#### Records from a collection
——————————
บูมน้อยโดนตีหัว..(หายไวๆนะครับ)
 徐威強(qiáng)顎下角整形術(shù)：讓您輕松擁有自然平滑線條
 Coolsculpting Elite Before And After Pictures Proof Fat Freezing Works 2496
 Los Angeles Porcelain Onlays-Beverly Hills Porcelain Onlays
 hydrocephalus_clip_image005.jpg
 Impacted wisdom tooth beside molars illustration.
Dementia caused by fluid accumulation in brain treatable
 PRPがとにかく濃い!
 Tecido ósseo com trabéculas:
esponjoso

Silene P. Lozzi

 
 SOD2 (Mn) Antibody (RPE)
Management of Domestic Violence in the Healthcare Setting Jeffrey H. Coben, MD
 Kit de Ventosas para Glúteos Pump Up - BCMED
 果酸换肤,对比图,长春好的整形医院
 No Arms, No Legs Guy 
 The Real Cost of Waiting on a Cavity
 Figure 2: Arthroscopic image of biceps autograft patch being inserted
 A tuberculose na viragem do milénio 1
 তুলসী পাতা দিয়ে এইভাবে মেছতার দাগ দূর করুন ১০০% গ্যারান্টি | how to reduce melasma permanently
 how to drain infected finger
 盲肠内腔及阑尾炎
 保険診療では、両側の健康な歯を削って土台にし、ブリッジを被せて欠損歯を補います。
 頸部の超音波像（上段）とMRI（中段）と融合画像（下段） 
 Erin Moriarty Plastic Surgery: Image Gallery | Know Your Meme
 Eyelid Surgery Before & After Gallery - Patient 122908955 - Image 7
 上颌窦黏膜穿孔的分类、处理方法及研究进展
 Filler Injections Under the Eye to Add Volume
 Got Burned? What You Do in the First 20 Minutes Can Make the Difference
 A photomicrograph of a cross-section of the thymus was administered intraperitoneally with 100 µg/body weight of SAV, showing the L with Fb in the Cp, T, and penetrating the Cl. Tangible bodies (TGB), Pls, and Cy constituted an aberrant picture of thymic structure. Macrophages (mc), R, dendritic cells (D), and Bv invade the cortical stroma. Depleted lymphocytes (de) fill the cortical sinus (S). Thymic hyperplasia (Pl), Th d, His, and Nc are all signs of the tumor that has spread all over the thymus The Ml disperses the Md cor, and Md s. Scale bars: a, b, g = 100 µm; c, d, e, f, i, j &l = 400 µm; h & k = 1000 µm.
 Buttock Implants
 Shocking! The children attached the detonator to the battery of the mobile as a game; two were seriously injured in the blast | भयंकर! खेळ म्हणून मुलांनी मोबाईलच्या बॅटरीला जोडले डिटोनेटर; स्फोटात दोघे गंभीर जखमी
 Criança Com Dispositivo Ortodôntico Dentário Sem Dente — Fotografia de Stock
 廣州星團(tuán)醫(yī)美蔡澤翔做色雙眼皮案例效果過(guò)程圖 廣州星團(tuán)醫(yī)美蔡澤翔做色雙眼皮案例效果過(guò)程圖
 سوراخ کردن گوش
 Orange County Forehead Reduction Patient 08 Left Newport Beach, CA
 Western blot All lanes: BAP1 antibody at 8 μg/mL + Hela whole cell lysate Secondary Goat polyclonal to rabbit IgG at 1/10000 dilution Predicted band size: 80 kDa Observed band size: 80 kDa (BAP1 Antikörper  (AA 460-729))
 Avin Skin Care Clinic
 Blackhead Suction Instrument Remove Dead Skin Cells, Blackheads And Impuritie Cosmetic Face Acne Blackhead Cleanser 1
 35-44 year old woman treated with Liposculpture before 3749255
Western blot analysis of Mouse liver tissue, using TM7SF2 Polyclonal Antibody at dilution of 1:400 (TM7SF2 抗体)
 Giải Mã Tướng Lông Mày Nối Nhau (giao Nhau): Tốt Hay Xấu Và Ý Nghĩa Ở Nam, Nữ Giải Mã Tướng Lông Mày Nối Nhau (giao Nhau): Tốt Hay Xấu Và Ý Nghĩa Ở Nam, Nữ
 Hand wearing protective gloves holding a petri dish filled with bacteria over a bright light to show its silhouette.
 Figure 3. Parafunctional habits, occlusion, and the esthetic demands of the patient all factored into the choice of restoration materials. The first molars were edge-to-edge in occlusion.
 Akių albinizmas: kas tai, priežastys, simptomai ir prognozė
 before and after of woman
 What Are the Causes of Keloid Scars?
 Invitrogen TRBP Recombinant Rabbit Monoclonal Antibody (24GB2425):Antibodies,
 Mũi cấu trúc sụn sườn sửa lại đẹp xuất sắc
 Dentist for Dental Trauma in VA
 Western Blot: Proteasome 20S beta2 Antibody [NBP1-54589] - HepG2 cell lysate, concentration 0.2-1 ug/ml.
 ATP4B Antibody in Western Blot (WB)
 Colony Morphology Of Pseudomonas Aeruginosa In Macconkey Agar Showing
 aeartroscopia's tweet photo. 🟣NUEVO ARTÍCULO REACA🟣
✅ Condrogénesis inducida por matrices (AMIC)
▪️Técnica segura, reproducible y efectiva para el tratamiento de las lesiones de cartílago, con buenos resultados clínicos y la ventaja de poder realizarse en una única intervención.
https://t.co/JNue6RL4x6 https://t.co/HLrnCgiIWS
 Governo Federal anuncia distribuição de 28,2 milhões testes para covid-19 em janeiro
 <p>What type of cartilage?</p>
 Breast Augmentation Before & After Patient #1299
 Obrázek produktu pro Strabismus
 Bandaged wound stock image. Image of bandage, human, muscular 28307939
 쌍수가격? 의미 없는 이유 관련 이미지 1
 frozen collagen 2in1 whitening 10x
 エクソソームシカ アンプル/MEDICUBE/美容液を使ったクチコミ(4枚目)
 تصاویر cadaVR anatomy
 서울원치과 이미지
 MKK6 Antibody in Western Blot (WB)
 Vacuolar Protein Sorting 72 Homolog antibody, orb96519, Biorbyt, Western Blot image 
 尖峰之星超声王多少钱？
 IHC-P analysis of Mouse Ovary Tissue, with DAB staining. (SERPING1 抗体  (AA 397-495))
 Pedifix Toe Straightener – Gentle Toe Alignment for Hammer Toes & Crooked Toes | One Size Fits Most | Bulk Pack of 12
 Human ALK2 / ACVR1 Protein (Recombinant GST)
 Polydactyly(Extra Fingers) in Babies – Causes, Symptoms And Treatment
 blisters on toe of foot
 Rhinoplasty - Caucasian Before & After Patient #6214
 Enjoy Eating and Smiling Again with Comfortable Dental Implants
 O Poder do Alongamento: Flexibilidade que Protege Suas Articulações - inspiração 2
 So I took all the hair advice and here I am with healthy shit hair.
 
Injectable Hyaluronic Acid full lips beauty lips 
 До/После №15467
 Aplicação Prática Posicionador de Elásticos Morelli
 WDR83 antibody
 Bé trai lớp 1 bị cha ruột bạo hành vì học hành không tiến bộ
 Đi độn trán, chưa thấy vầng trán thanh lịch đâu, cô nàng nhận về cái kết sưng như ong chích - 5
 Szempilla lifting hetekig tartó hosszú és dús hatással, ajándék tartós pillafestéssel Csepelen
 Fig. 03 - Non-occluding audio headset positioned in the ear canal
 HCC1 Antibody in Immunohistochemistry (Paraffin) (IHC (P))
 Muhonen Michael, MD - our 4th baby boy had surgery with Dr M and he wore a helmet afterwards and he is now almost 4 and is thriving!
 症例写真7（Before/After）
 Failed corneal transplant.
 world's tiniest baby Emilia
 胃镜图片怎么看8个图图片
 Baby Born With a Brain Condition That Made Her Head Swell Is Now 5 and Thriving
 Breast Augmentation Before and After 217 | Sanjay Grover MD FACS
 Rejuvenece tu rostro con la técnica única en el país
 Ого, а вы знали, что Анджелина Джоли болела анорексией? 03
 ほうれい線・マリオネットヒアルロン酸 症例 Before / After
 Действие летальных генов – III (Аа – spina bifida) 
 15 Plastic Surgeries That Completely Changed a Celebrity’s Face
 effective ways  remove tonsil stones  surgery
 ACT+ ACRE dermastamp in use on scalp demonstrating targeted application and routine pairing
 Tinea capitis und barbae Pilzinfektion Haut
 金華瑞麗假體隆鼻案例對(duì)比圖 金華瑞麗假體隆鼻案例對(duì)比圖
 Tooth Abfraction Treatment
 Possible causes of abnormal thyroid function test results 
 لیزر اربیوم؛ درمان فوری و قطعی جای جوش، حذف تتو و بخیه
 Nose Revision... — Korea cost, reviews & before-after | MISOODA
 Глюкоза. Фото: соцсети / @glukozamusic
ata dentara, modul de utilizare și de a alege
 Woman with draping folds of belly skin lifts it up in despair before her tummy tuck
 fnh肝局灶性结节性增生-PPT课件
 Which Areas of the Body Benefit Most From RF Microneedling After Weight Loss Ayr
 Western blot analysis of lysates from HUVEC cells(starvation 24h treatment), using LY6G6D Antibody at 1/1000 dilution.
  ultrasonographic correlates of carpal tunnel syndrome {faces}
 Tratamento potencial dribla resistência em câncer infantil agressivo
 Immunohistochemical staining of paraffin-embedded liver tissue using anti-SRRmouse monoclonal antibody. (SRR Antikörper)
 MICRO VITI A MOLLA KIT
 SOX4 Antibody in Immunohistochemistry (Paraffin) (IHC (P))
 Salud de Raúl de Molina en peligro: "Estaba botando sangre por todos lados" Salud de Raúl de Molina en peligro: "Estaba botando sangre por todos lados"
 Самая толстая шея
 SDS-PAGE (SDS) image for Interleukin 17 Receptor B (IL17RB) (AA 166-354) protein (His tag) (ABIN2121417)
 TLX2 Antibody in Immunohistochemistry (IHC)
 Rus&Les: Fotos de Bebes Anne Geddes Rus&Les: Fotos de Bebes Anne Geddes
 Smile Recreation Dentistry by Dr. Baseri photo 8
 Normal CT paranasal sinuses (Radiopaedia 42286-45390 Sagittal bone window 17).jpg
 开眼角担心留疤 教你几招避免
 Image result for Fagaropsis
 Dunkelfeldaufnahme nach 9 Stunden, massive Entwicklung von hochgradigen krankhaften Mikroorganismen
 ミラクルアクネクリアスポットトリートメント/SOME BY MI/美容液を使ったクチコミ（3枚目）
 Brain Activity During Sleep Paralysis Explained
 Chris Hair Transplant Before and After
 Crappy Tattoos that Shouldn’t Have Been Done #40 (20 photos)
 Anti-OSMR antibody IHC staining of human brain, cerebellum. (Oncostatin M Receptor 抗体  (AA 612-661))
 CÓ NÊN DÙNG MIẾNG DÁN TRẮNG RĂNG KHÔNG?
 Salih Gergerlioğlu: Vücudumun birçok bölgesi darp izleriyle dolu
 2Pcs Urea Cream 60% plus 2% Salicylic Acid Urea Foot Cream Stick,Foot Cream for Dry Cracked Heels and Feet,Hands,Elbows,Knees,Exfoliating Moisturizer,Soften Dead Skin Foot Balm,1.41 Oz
——————————
#### WHAT YOU HAVE TO DO
The answer should consist of the lines from the first line of the entries through the line with "Got Burned? What", copied exactly.

#### COMPLETED EXERCISE
บูมน้อยโดนตีหัว..(หายไวๆนะครับ)
 徐威強(qiáng)顎下角整形術(shù)：讓您輕松擁有自然平滑線條
 Coolsculpting Elite Before And After Pictures Proof Fat Freezing Works 2496
 Los Angeles Porcelain Onlays-Beverly Hills Porcelain Onlays
 hydrocephalus_clip_image005.jpg
 Impacted wisdom tooth beside molars illustration.
Dementia caused by fluid accumulation in brain treatable
 PRPがとにかく濃い!
 Tecido ósseo com trabéculas:
esponjoso

Silene P. Lozzi

 
 SOD2 (Mn) Antibody (RPE)
Management of Domestic Violence in the Healthcare Setting Jeffrey H. Coben, MD
 Kit de Ventosas para Glúteos Pump Up - BCMED
 果酸换肤,对比图,长春好的整形医院
 No Arms, No Legs Guy 
 The Real Cost of Waiting on a Cavity
 Figure 2: Arthroscopic image of biceps autograft patch being inserted
 A tuberculose na viragem do milénio 1
 তুলসী পাতা দিয়ে এইভাবে মেছতার দাগ দূর করুন ১০০% গ্যারান্টি | how to reduce melasma permanently
 how to drain infected finger
 盲肠内腔及阑尾炎
 保険診療では、両側の健康な歯を削って土台にし、ブリッジを被せて欠損歯を補います。
 頸部の超音波像（上段）とMRI（中段）と融合画像（下段） 
 Erin Moriarty Plastic Surgery: Image Gallery | Know Your Meme
 Eyelid Surgery Before & After Gallery - Patient 122908955 - Image 7
 上颌窦黏膜穿孔的分类、处理方法及研究进展
 Filler Injections Under the Eye to Add Volume
 Got Burned? What You Do in the First 20 Minutes Can Make the Difference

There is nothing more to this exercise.